Work item -> Go through the data line by line from the top, retyping each exactly, and end with the line that contains "Dover Organizer per".

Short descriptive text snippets
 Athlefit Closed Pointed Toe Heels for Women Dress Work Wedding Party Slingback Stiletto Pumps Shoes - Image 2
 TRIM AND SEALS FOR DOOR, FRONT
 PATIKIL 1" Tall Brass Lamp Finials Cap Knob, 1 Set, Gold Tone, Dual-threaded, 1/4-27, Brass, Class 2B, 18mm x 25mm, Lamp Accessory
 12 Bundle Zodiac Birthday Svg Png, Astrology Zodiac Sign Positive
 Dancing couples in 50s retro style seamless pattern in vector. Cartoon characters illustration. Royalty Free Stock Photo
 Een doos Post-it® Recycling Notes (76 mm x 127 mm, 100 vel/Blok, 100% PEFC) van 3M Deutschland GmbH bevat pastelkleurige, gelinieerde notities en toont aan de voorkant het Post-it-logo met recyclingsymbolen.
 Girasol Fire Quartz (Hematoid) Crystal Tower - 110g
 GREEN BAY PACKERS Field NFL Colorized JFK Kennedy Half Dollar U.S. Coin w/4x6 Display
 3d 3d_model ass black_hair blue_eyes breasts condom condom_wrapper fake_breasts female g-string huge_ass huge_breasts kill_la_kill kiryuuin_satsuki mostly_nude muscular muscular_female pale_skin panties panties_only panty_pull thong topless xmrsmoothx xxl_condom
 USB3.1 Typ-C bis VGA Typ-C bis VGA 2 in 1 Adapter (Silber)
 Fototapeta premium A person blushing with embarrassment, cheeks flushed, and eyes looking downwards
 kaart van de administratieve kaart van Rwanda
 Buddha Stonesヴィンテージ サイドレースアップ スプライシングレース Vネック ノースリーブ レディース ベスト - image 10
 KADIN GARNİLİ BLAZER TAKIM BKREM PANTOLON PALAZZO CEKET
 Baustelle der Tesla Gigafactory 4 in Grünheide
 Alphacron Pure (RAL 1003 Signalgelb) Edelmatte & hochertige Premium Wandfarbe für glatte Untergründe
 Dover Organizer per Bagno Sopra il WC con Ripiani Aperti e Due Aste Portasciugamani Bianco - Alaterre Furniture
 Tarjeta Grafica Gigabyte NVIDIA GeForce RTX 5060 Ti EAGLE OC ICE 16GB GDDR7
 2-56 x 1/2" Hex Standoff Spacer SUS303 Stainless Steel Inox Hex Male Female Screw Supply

Exercise result ->
 Athlefit Closed Pointed Toe Heels for Women Dress Work Wedding Party Slingback Stiletto Pumps Shoes - Image 2
 TRIM AND SEALS FOR DOOR, FRONT
 PATIKIL 1" Tall Brass Lamp Finials Cap Knob, 1 Set, Gold Tone, Dual-threaded, 1/4-27, Brass, Class 2B, 18mm x 25mm, Lamp Accessory
 12 Bundle Zodiac Birthday Svg Png, Astrology Zodiac Sign Positive
 Dancing couples in 50s retro style seamless pattern in vector. Cartoon characters illustration. Royalty Free Stock Photo
 Een doos Post-it® Recycling Notes (76 mm x 127 mm, 100 vel/Blok, 100% PEFC) van 3M Deutschland GmbH bevat pastelkleurige, gelinieerde notities en toont aan de voorkant het Post-it-logo met recyclingsymbolen.
 Girasol Fire Quartz (Hematoid) Crystal Tower - 110g
 GREEN BAY PACKERS Field NFL Colorized JFK Kennedy Half Dollar U.S. Coin w/4x6 Display
 3d 3d_model ass black_hair blue_eyes breasts condom condom_wrapper fake_breasts female g-string huge_ass huge_breasts kill_la_kill kiryuuin_satsuki mostly_nude muscular muscular_female pale_skin panties panties_only panty_pull thong topless xmrsmoothx xxl_condom
 USB3.1 Typ-C bis VGA Typ-C bis VGA 2 in 1 Adapter (Silber)
 Fototapeta premium A person blushing with embarrassment, cheeks flushed, and eyes looking downwards
 kaart van de administratieve kaart van Rwanda
 Buddha Stonesヴィンテージ サイドレースアップ スプライシングレース Vネック ノースリーブ レディース ベスト - image 10
 KADIN GARNİLİ BLAZER TAKIM BKREM PANTOLON PALAZZO CEKET
 Baustelle der Tesla Gigafactory 4 in Grünheide
 Alphacron Pure (RAL 1003 Signalgelb) Edelmatte & hochertige Premium Wandfarbe für glatte Untergründe
 Dover Organizer per Bagno Sopra il WC con Ripiani Aperti e Due Aste Portasciugamani Bianco - Alaterre Furniture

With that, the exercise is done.